Did the run twice one as is and one with SQL_NO_CACHE set just to test if it made a difference.
Title: Re: BoardIndex query
Post by: emanuele on December 30, 2013, 02:33:21 pm
Quote from: Spuds – Ran the test (boy does that take a while to run!),
The more the better! ;D ... no wait in this case it's the opposite! :P

Quote from: Spuds – Don't have a translation on what all the numbers mean, hopefully @emanuele  can translate O:-)
[...]
Did the run twice one as is and one with SQL_NO_CACHE set just to test if it made a difference.
Cool the no cache!

About the data, the trend is similar to what I got: having a different query for local moderators is slower than do everything into that big thing, apply the ORDER BY doesn't make almost any difference, grab boards from uncollapsed categories brings in a significant overhead.

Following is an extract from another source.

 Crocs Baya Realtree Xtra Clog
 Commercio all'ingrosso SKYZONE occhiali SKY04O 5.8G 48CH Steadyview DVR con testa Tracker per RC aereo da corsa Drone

I just realised I didn't consider we could cache the board moderators.
I did a quick test (see the updated gist for the code): the values are comparable (some are slightly better, some are worse) to the ones I got keeping the moderators in the query itself, so apparently is not really an advantage because it means that we are not gaining anything in terms of performances and just a bit of decoupling. The net balance doesn't seem to be worth...
Title: Re: BoardIndex query
Post by: Spuds on December 30, 2013, 06:55:24 pm
So sounds like we can safely add the ORDER BY with no penalty, and in fact its needed for some DB setups.

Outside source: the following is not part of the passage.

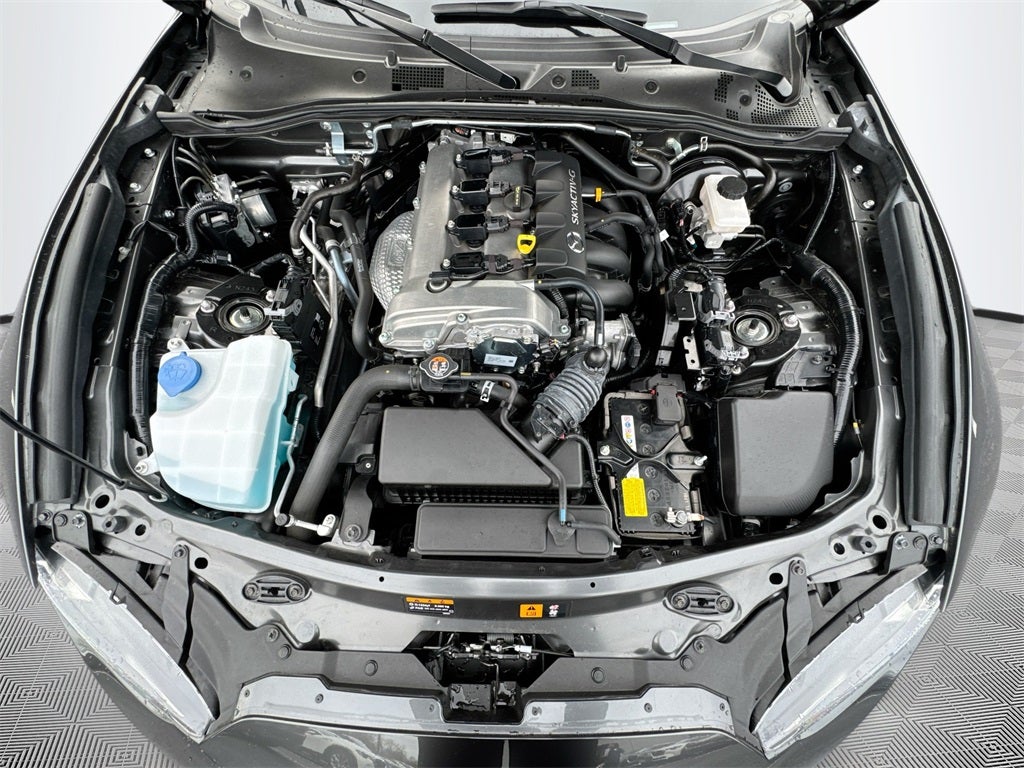 2024 Mazda Mazda MX-5 Miata RF Grand Touring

Looking at things I did that no cache but only on one of the querys, so I should rerun it, but then again the results say the same thing anyway!
Title: Re: BoardIndex query
Post by: emanuele on May 17, 2014, 09:16:47 am
I updated the gist in a less lame way, to grab the moderators only in a single query at the end of the loop.
Unless I did something wrong, that way of doing looks quite faster (about 30%) than the single query with joins.
I also tried to cache the results of the moderators, though there is not a lot of difference, mainly because if there is the cache an additional loop is needed (see the two files in the gist): one to get the moderators and cache them, one to read the array cached and put the moderators into the boards/categories array.
Title: Re: BoardIndex query
Post by: Spuds on May 17, 2014, 09:46:49 am
QuoteUnless I did something wrong, that way of doing looks quite faster (about 30%) than the single query with joins.

Thats a nice improvement for sure, great work!